#### [SUPPLIED RECORDS]

******************************

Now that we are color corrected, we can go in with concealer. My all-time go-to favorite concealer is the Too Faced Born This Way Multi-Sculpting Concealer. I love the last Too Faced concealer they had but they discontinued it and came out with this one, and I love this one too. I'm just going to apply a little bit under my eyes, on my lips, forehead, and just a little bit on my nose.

******************************

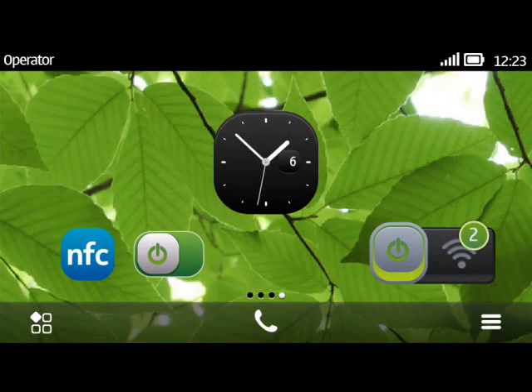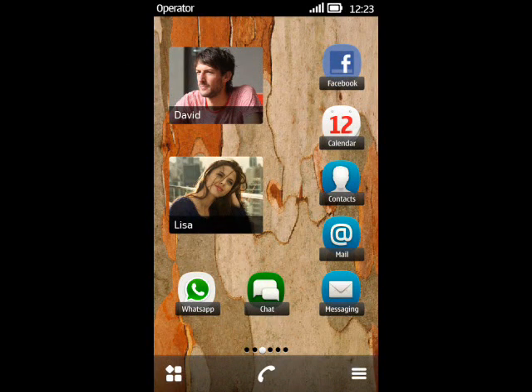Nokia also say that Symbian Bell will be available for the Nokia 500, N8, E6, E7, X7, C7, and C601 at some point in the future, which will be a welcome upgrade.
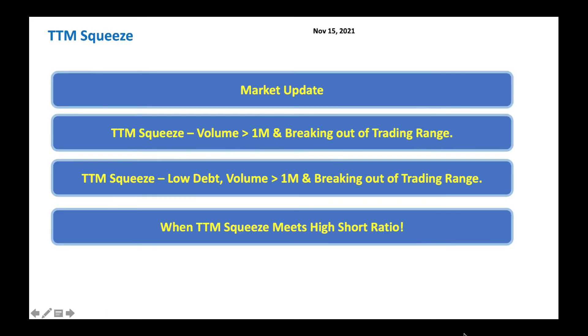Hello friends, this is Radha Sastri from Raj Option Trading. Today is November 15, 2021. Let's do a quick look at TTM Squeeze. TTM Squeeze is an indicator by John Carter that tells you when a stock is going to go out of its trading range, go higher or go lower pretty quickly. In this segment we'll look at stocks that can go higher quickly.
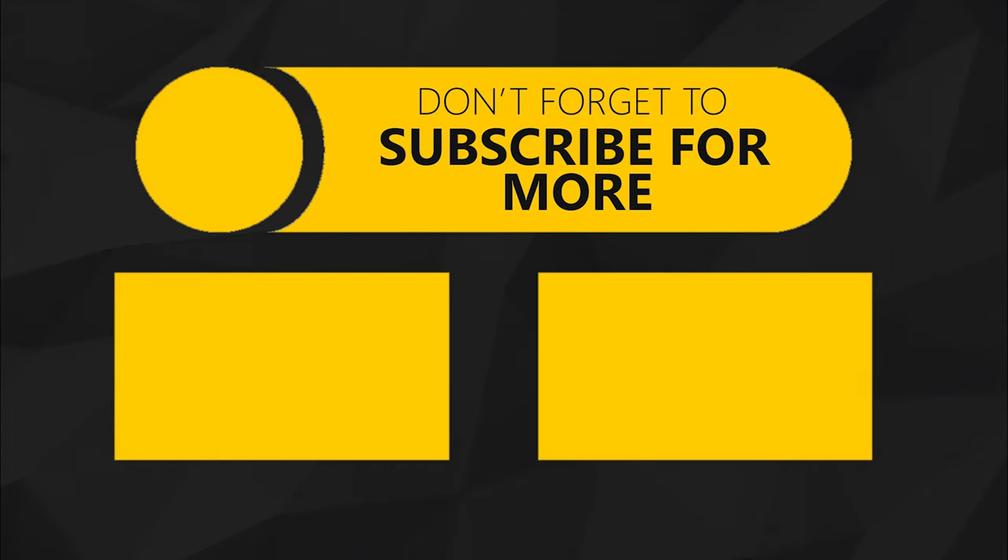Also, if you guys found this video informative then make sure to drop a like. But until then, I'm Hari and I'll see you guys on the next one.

******************************

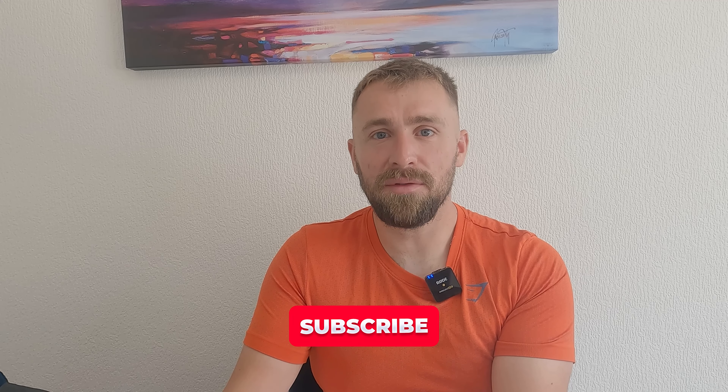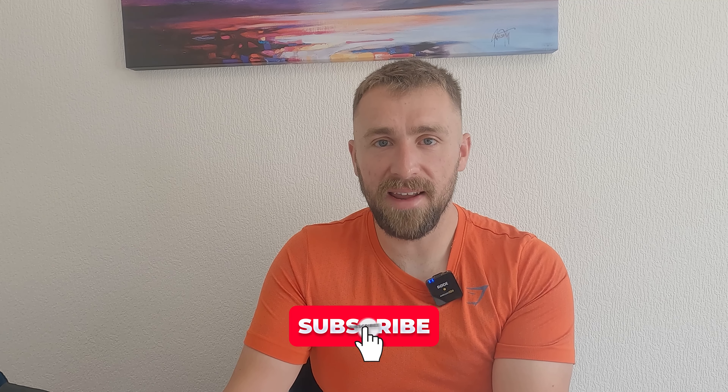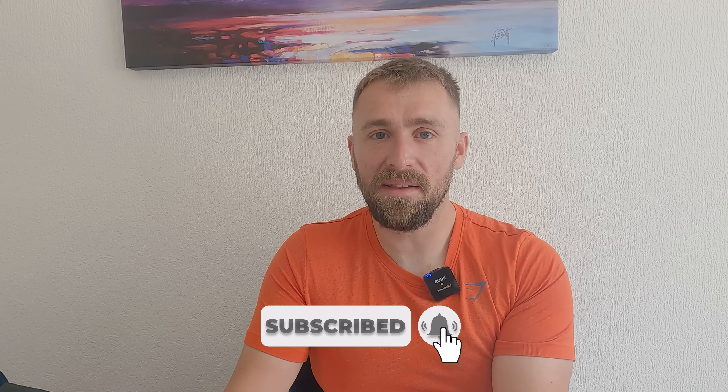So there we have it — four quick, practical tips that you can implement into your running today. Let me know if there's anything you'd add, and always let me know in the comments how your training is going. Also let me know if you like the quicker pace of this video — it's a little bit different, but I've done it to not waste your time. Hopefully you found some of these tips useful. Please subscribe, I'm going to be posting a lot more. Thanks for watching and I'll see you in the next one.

******************************

#### [ACTIVITY]
Give exactly the lines above that run from the line with "Hello friends, this" to the line with "Also, if you", both included, leaving every picture out.

#### [OUTPUT OF THE EXERCISE]
Hello friends, this is Radha Sastri from Raj Option Trading. Today is November 15, 2021. Let's do a quick look at TTM Squeeze. TTM Squeeze is an indicator by John Carter that tells you when a stock is going to go out of its trading range, go higher or go lower pretty quickly. In this segment we'll look at stocks that can go higher quickly.
Also, if you guys found this video informative then make sure to drop a like. But until then, I'm Hari and I'll see you guys on the next one.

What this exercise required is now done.